● **Task description**
Set down, word for word, every line of the material below from the one containing "The Kenzy Top Plum" through the one containing "Whispers from the Abyss Canvas", but none of its pictures.

The records: Begin

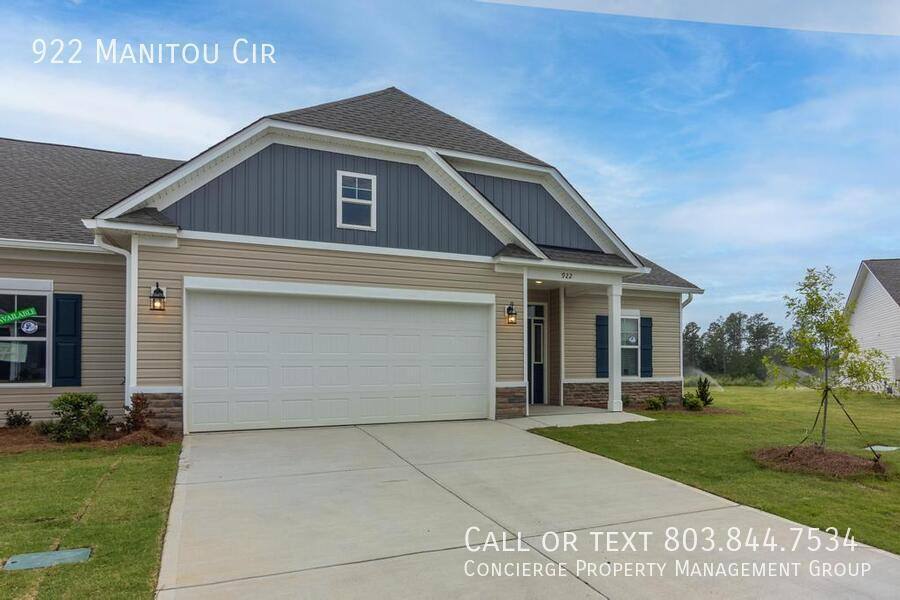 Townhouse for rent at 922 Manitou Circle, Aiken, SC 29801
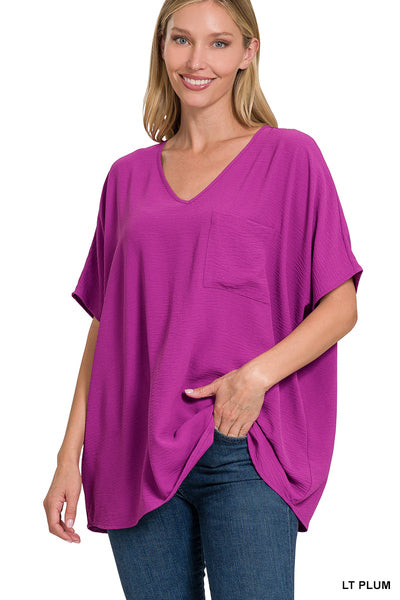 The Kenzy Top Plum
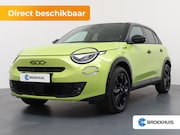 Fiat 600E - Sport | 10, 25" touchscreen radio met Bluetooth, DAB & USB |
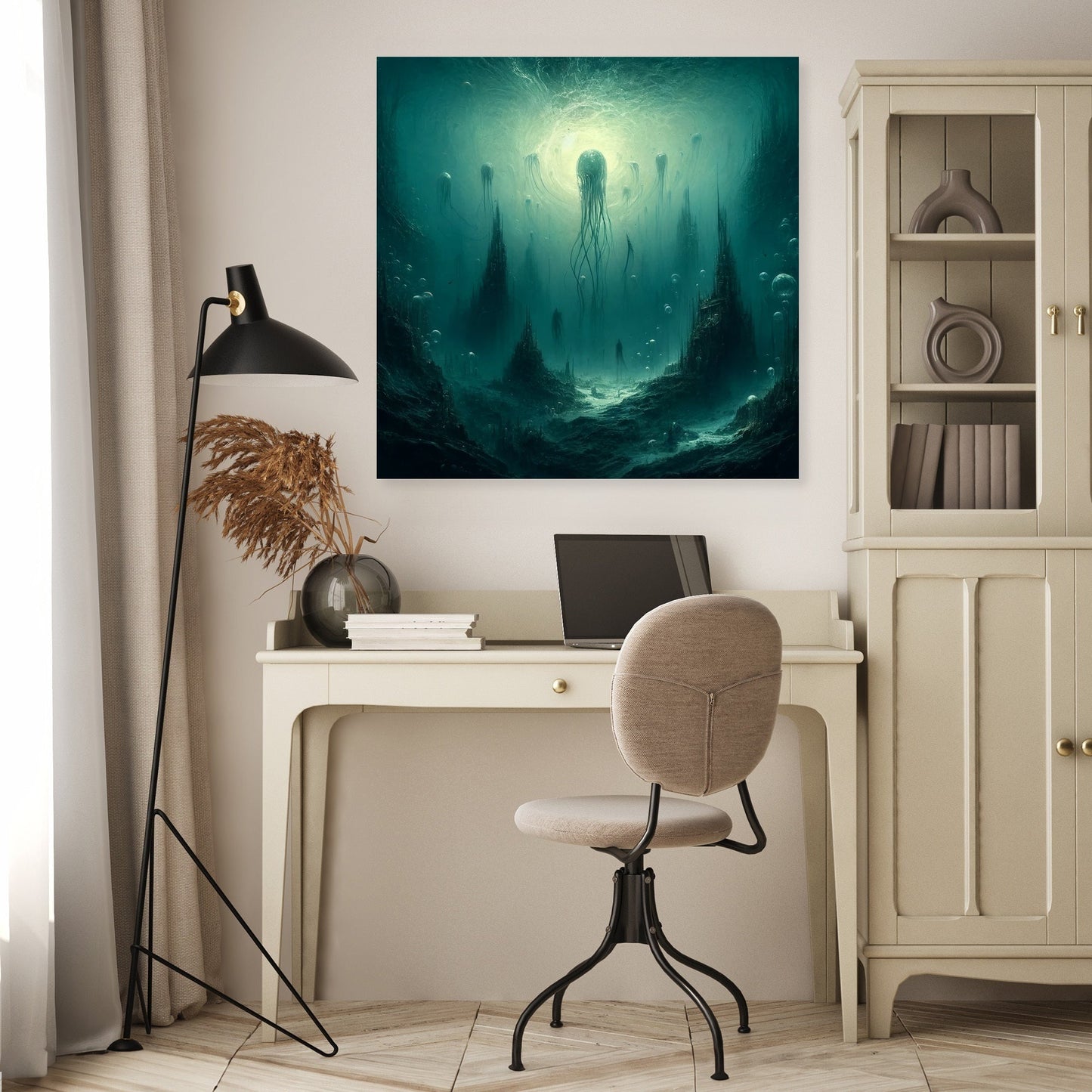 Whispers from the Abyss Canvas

The records: End
The records: Begin

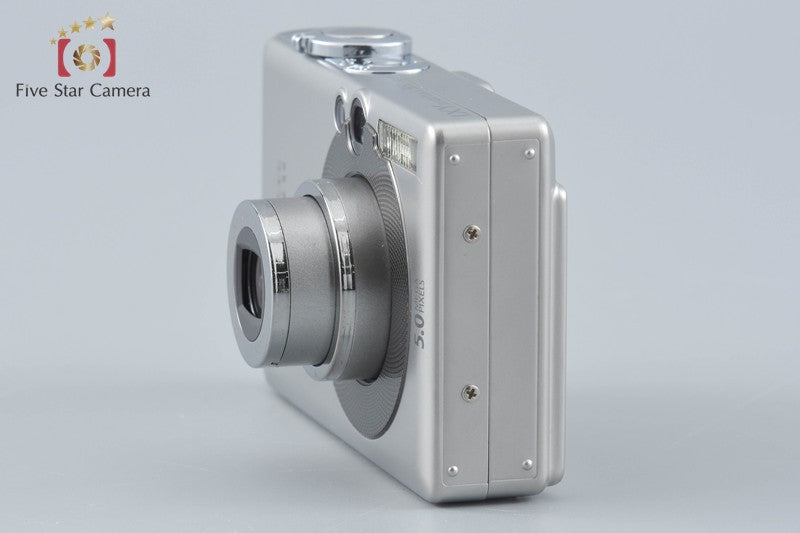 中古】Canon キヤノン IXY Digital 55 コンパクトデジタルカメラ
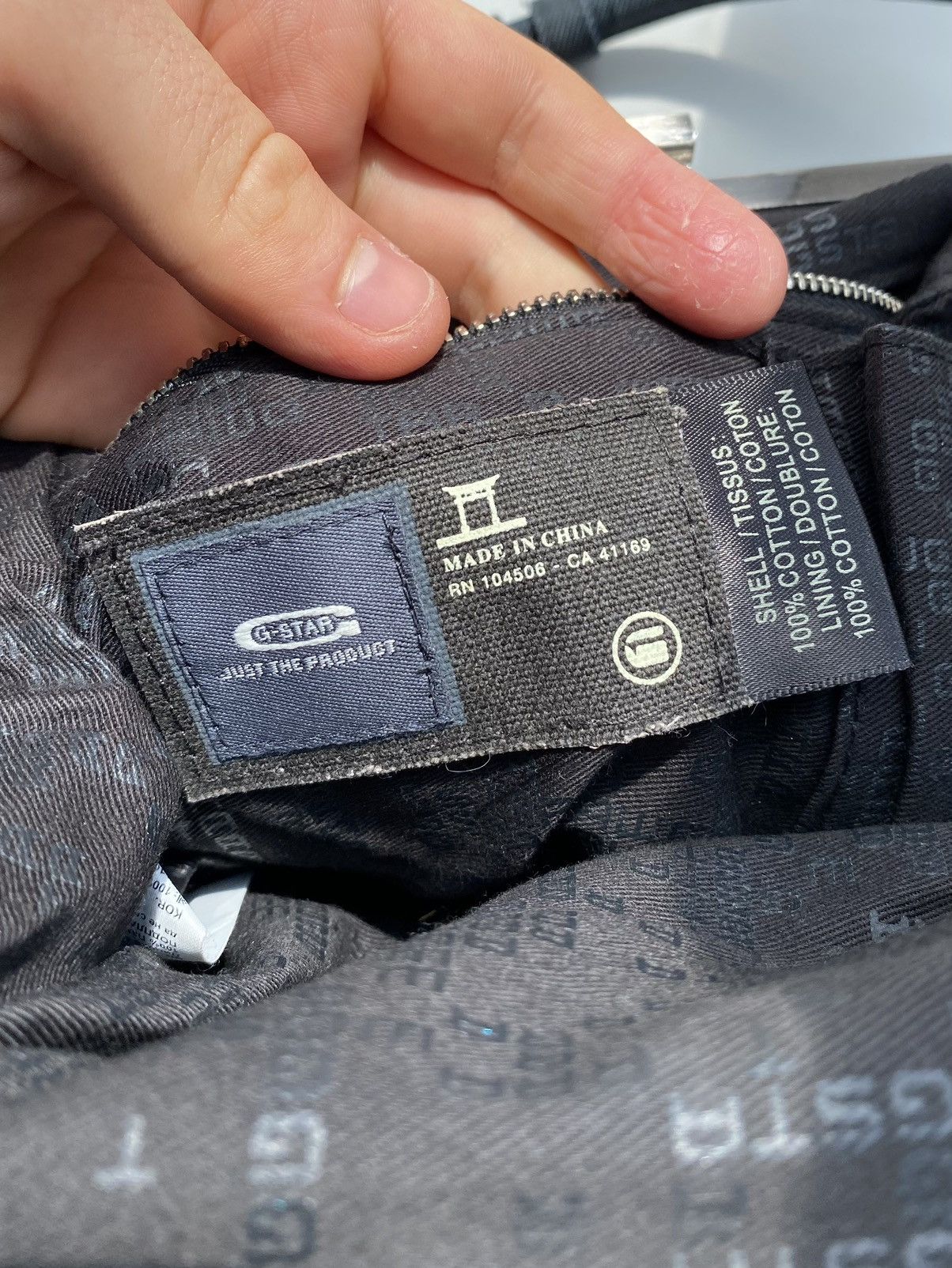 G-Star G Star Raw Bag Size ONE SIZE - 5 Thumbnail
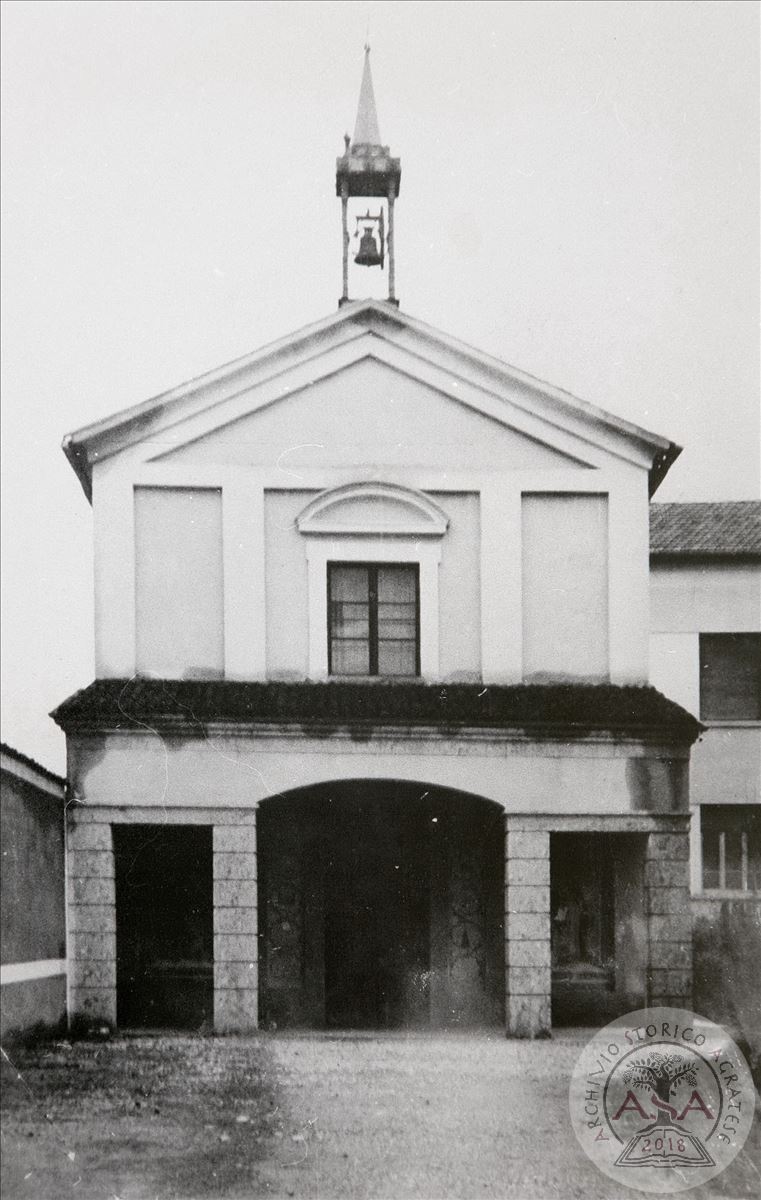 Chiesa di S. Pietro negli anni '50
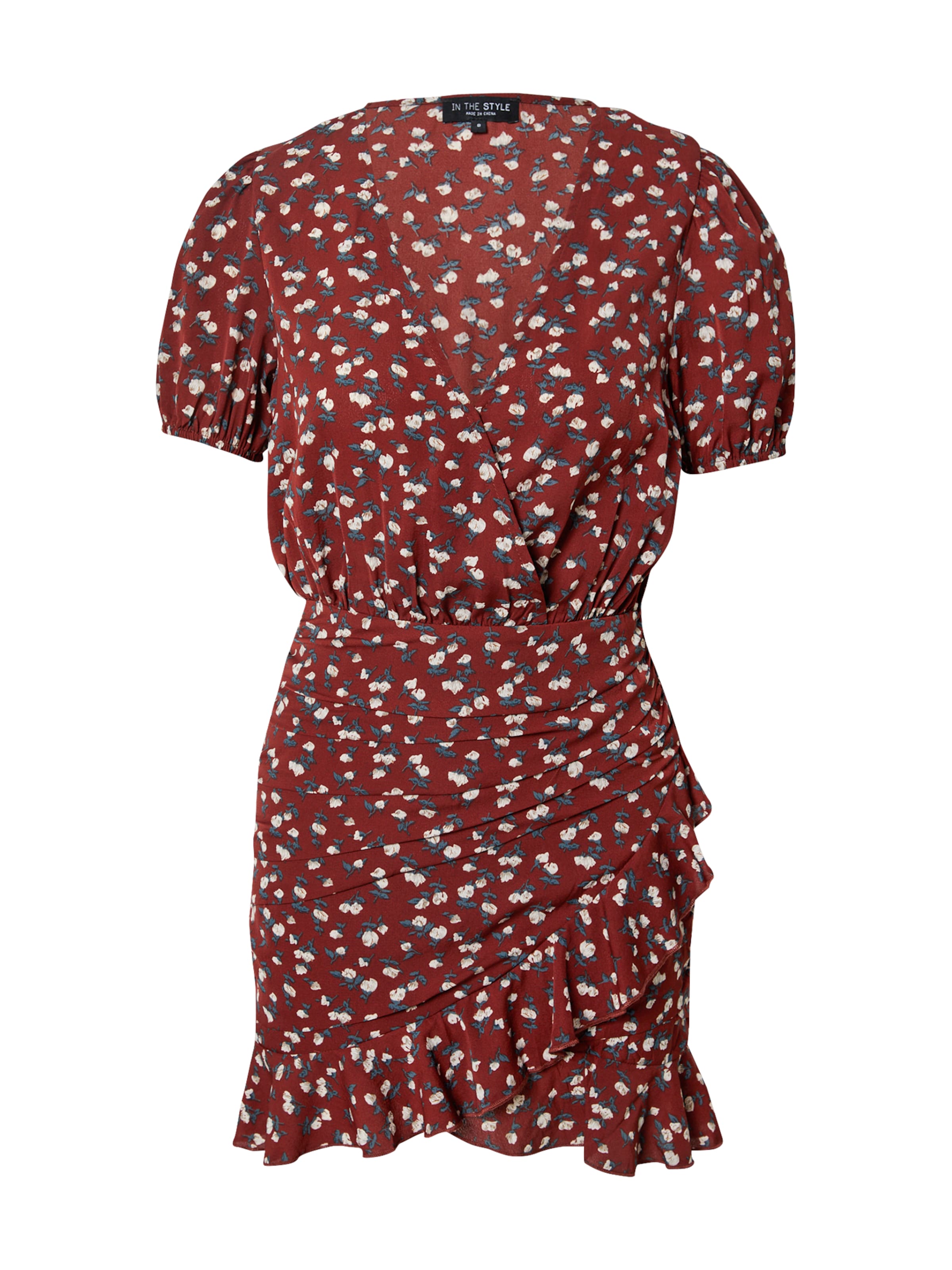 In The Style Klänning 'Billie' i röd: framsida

The records: End
The records: Begin

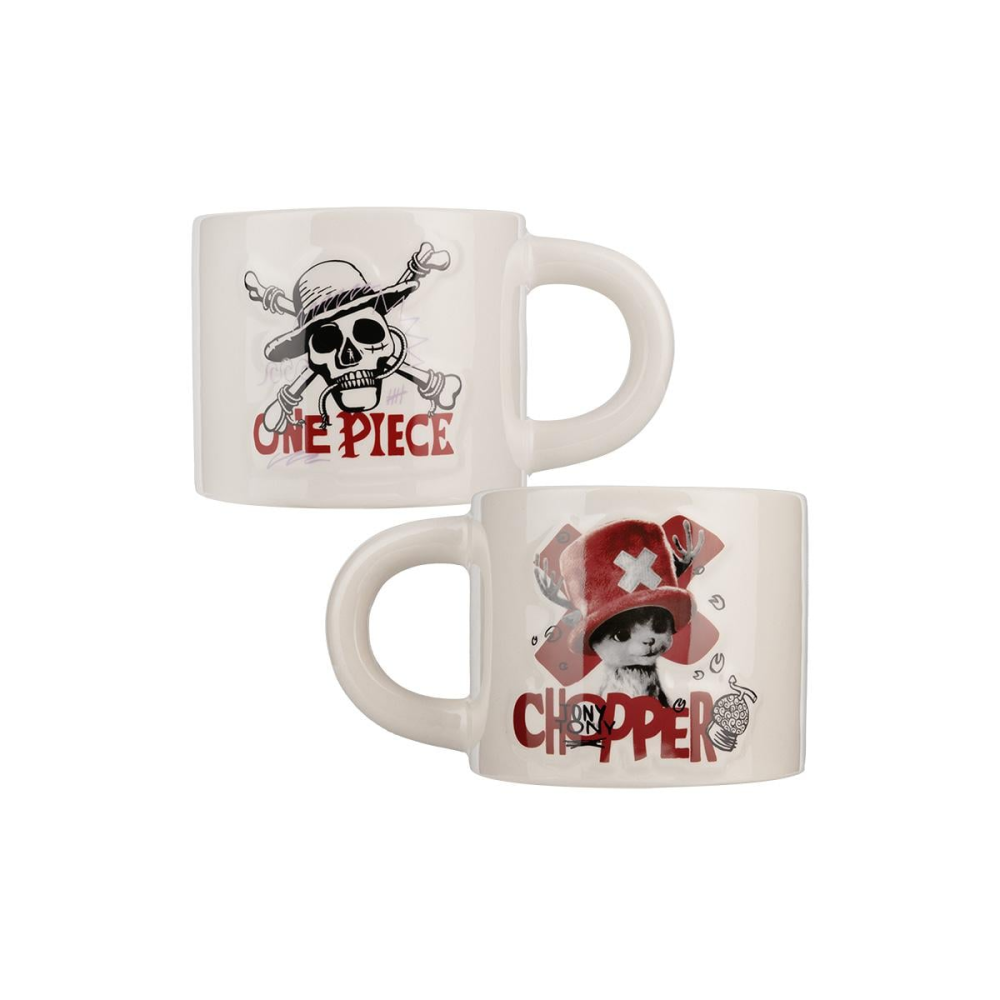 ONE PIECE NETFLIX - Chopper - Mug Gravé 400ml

The records: End

● **Solution for this exercise**
 The Kenzy Top Plum
 Fiat 600E - Sport | 10, 25" touchscreen radio met Bluetooth, DAB & USB |
 Whispers from the Abyss Canvas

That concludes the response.